Nanotechnology, policy  

The ethics and politics of nanotechnology

8 August 2006

Cover picture of UNESCO report The Ethics and Politics of NanotechnologyParis, France. UNESCO has published a report that assesses the ethical, legal and political aspects of nanotechnology. It attempts to separate the realistic potential of nanotechnology from some of the more fanciful headline-grabbing claims. It outlines what the science of nanotechnology is, and presents some of the issues facing the international community in the near future.

Chapters cover the current status of nanotechnology and where nanotechnology will intersect with existing policy issues and ethical dilemmas. It assesses the top ten applications of nanotechnology and lists their relationship to the UN Millennium Development Goals (MDGs).

The report says that the most pressing current issues are toxicity and exposure to humans and the environment.
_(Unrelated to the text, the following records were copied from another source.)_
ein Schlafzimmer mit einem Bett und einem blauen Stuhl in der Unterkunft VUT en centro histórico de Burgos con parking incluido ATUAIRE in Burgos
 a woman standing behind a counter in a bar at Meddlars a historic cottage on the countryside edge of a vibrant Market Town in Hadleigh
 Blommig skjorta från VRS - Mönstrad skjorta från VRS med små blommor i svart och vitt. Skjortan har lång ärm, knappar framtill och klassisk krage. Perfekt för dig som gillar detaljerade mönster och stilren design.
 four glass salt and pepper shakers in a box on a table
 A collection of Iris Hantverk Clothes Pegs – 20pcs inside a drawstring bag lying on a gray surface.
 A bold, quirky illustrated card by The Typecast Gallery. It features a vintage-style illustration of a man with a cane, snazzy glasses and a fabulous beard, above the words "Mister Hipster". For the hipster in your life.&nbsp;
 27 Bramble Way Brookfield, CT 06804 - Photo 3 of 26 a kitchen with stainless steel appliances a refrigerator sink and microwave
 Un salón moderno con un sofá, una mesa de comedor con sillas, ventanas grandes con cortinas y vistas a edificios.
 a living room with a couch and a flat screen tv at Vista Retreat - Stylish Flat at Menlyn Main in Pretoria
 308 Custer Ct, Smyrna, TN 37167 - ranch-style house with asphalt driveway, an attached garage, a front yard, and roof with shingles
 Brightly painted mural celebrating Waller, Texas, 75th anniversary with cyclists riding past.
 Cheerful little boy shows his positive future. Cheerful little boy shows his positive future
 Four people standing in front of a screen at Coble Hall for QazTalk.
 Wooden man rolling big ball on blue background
This produces ethical issues due to the new forms of hazard or exposure risks, which create new questions about how to deal with them. Current means of risk assessment do "not address any wider issues of the ethical or political meaning of this risk — such as who will bear it, how it will be distributed internationally, and who will be given the power to make decisions based on these analyses." It covers measures in the EU and the USA to deal with safety aspects and lists the twelve recommendations from from the European Commission’s Consumer Protectorate Directive.

Under ethical issues, the report highlights the potential use and abuse of scientific information by governments and organisations. It sees the over-liberal granting of patents as a current problem "which can curtail even the most innocuous basic research by introducing
prohibitive costs". It particular, it warns about business-method patents, which are "a good example of overzealous expansionism in intellectual property". These patents give broad rights to corporations that convert established processes into computerised processes — such as online auctions and online shopping.

A short section covers "ethical issues that aren't" such as the "grey goo" scare of recent years. The report urges policy-makers, elected and appointed officials, non-governmental and advocacy organizations to look beyond these distractions and concentrate on the most pressing issues, which include potential hazards, consumer
awareness, product regulation, intellectual property, secrecy, the reliability and legitimacy of international scientific research, and,
most importantly, the promotion of uses for nanotechnology
that help solve the most pressing needs for the greatest number of people.